— Record extracts —

⟨

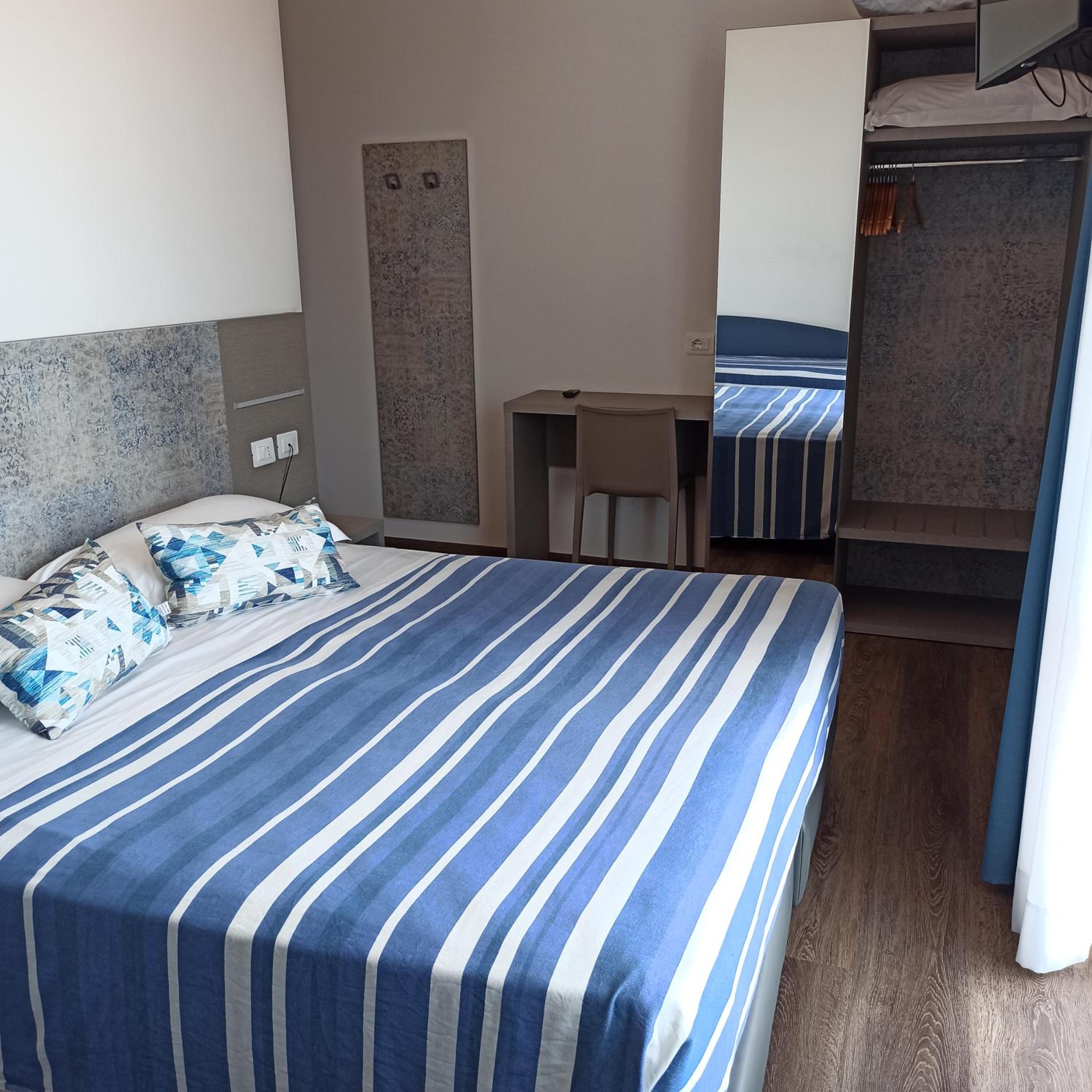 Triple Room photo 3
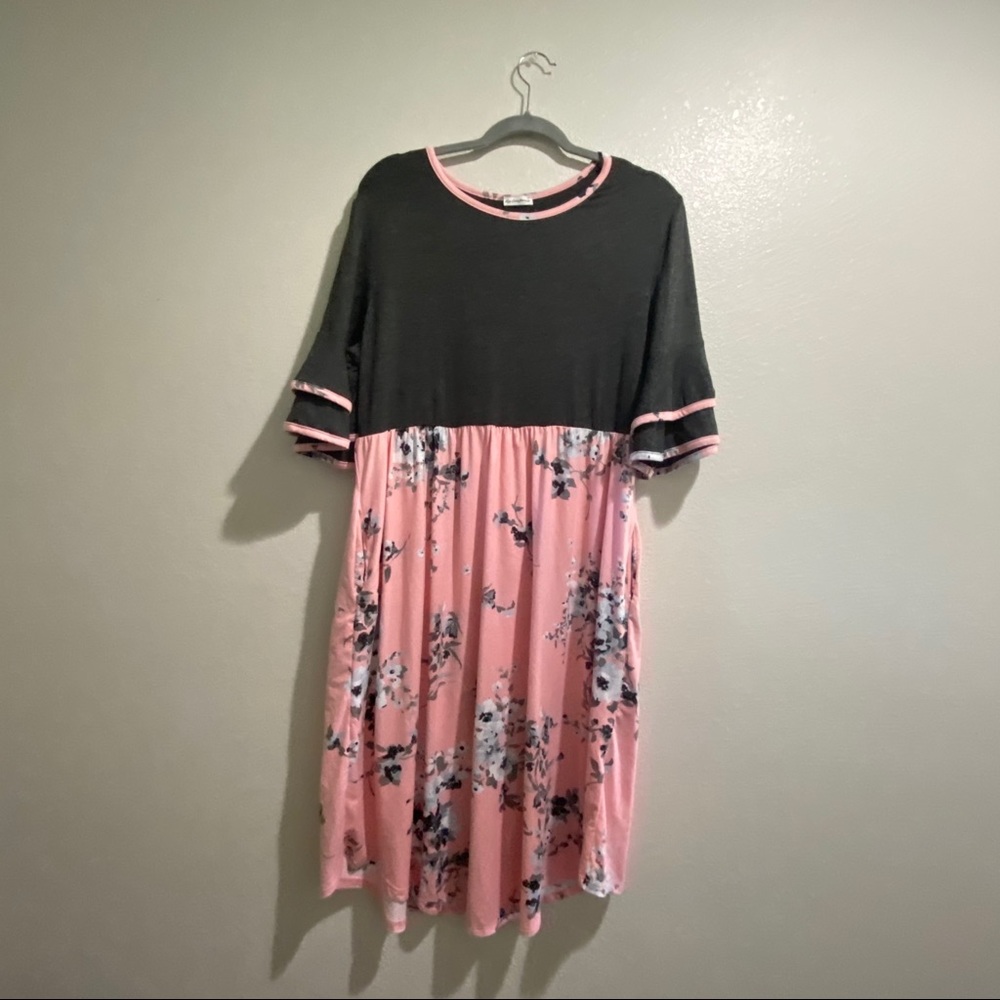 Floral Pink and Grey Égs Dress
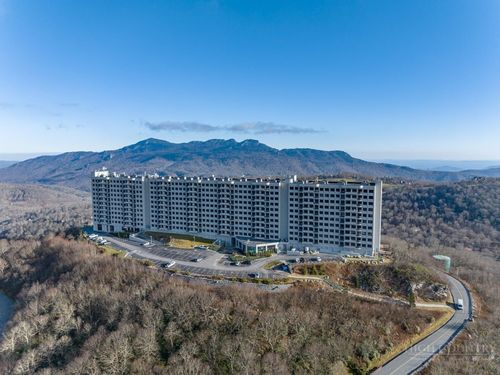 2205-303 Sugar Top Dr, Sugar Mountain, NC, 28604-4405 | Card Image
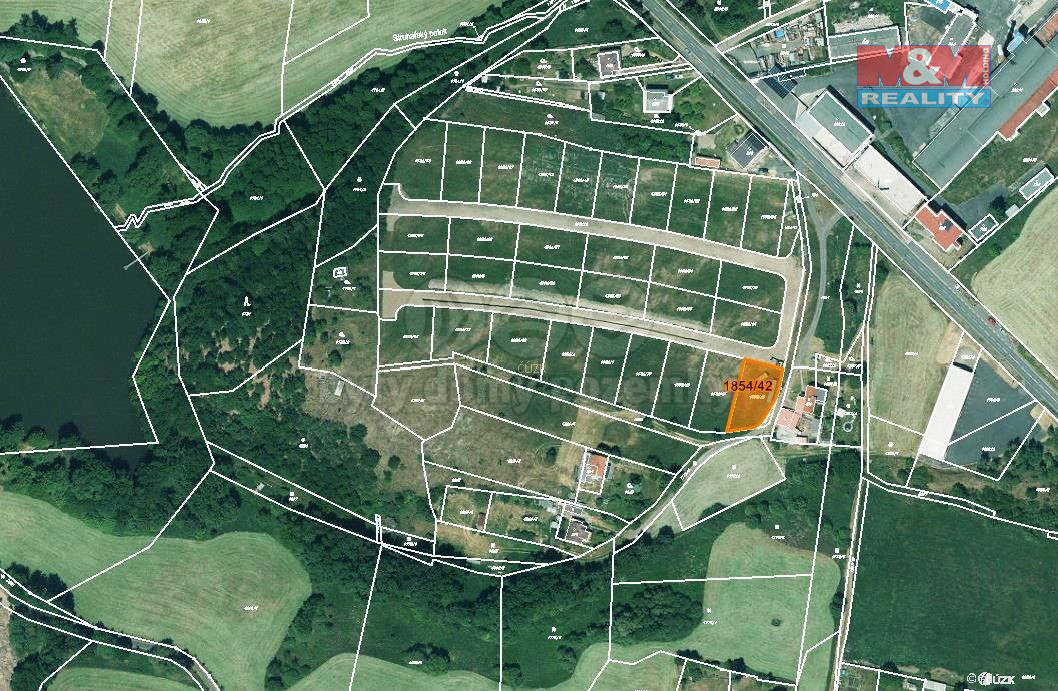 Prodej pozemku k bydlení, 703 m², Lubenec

⟩
⟨

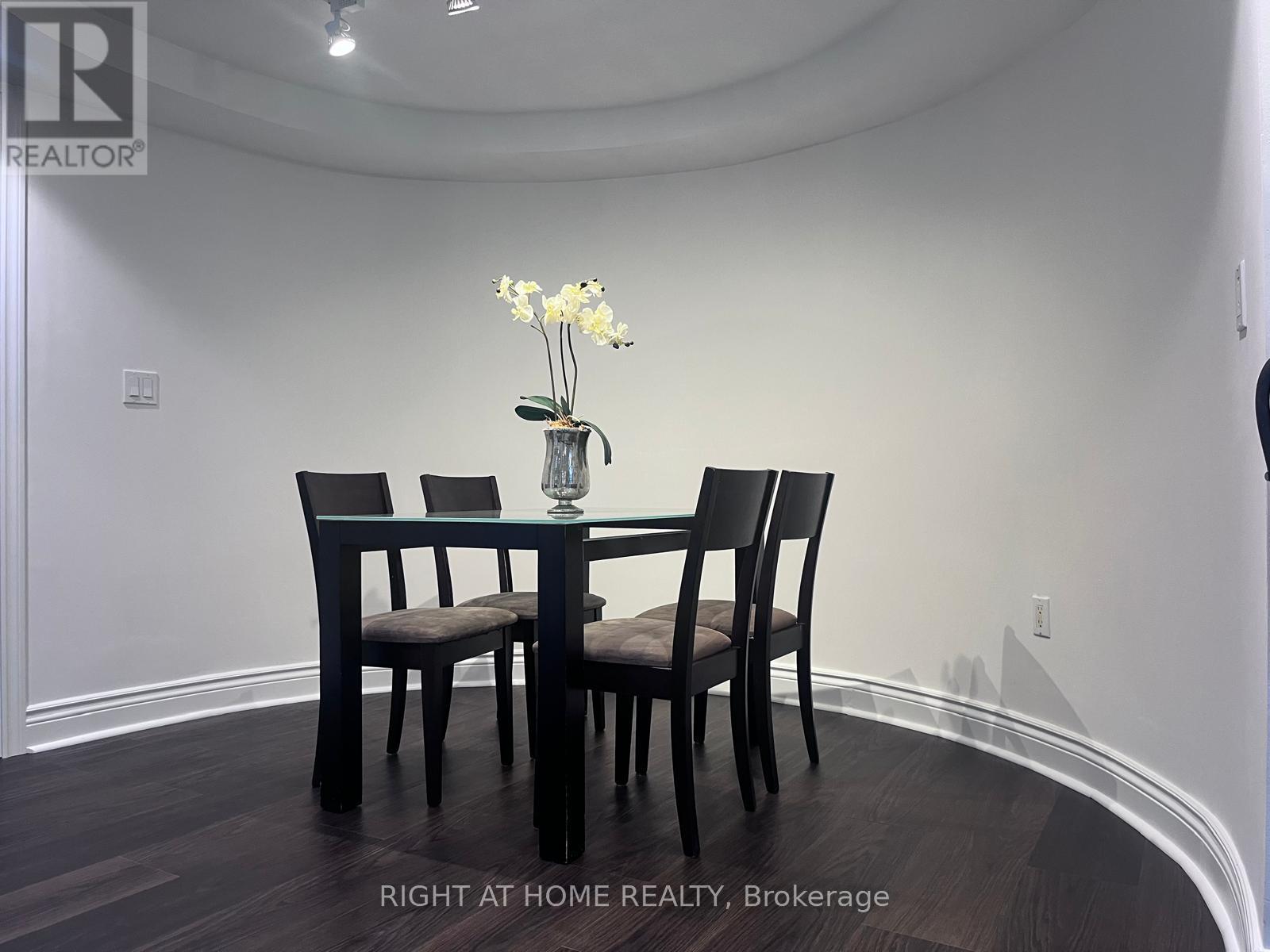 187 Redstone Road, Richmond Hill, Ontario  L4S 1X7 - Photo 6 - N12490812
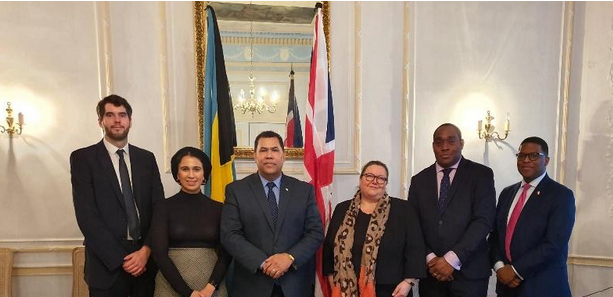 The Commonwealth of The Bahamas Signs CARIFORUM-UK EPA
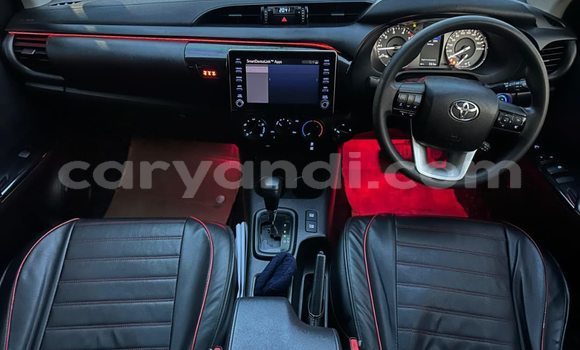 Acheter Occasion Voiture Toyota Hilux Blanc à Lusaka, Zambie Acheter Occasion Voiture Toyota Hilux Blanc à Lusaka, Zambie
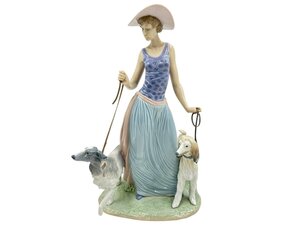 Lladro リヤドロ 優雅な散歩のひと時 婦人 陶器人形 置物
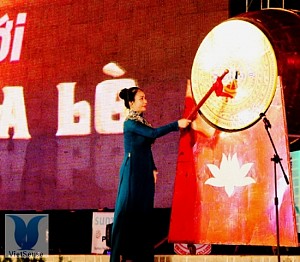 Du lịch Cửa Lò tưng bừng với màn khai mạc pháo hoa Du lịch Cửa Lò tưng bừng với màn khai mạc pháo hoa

⟩

— Exercise directions —
Find the line with "2205-303 Sugar Top" and the line with "Prodej pozemku k bydlení, 703 m², Lubenec" in the records above. Copy both and all lines between them exactly, without pictures.

— Expected output —
 2205-303 Sugar Top Dr, Sugar Mountain, NC, 28604-4405 | Card Image
 Prodej pozemku k bydlení, 703 m², Lubenec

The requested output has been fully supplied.